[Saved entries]

┌──

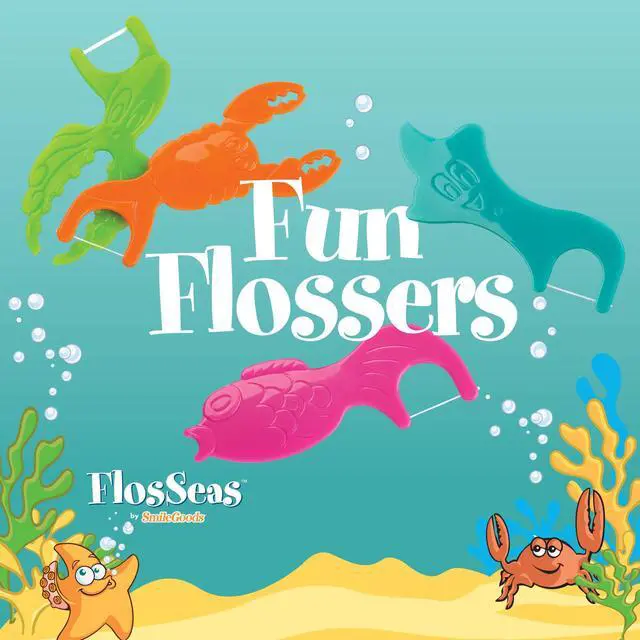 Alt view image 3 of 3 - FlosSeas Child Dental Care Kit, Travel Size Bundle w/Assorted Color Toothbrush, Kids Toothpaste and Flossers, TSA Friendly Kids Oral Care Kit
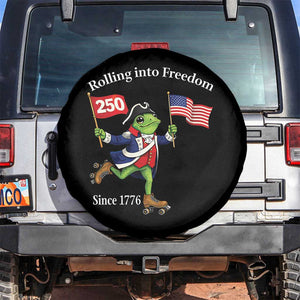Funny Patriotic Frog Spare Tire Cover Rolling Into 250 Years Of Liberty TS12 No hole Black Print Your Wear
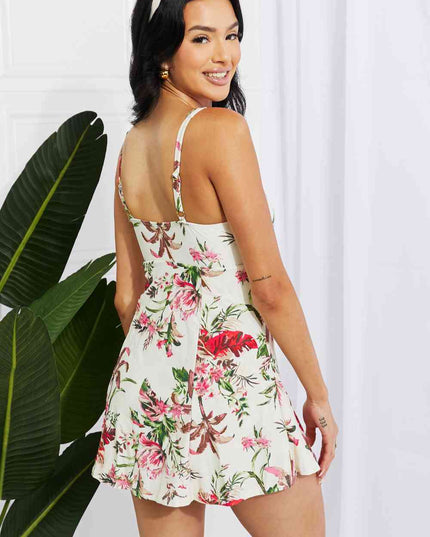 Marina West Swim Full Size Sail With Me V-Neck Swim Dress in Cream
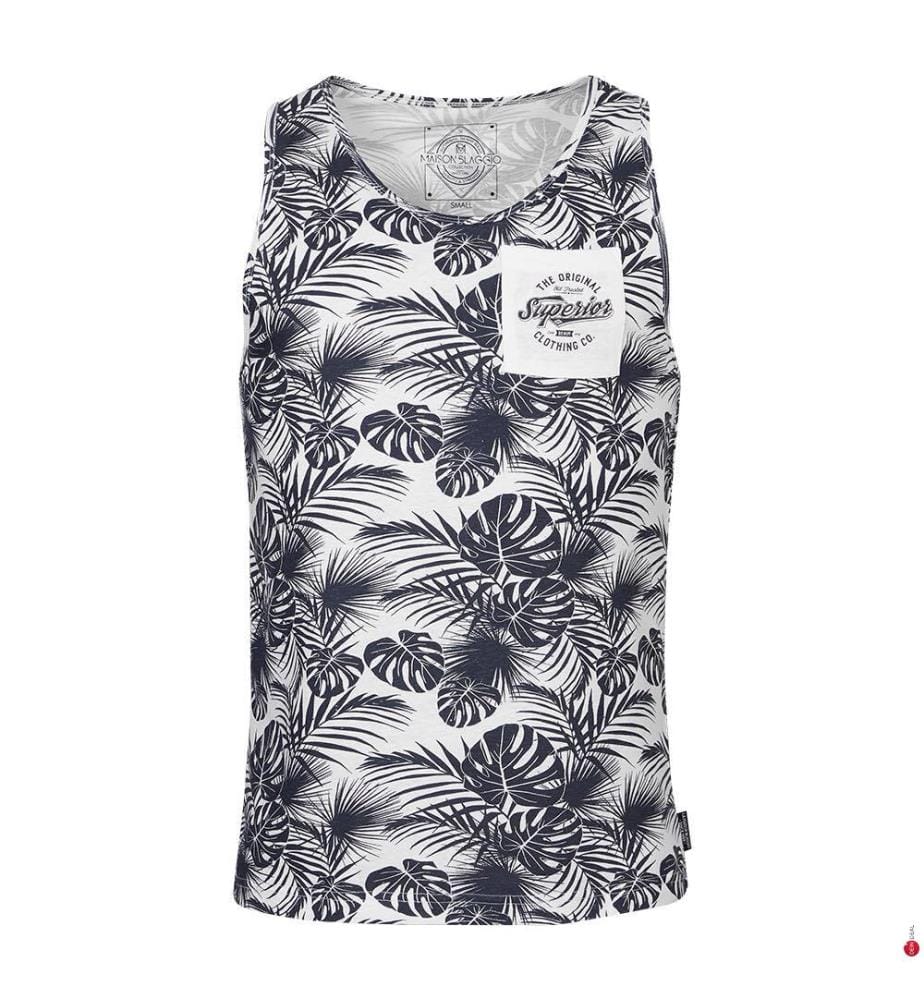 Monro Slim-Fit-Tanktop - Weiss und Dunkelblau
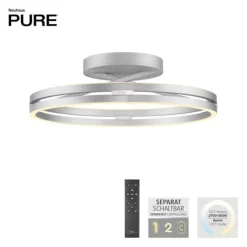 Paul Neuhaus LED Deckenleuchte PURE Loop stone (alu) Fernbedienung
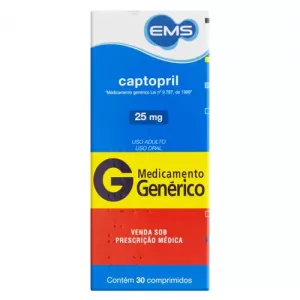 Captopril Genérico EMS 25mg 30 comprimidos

└──

Exercise goal:
Copy the lines above exactly. Do not include pictures.

The completed task:
 Alt view image 3 of 3 - FlosSeas Child Dental Care Kit, Travel Size Bundle w/Assorted Color Toothbrush, Kids Toothpaste and Flossers, TSA Friendly Kids Oral Care Kit
Funny Patriotic Frog Spare Tire Cover Rolling Into 250 Years Of Liberty TS12 No hole Black Print Your Wear
 Marina West Swim Full Size Sail With Me V-Neck Swim Dress in Cream
 Monro Slim-Fit-Tanktop - Weiss und Dunkelblau
 Paul Neuhaus LED Deckenleuchte PURE Loop stone (alu) Fernbedienung
 Captopril Genérico EMS 25mg 30 comprimidos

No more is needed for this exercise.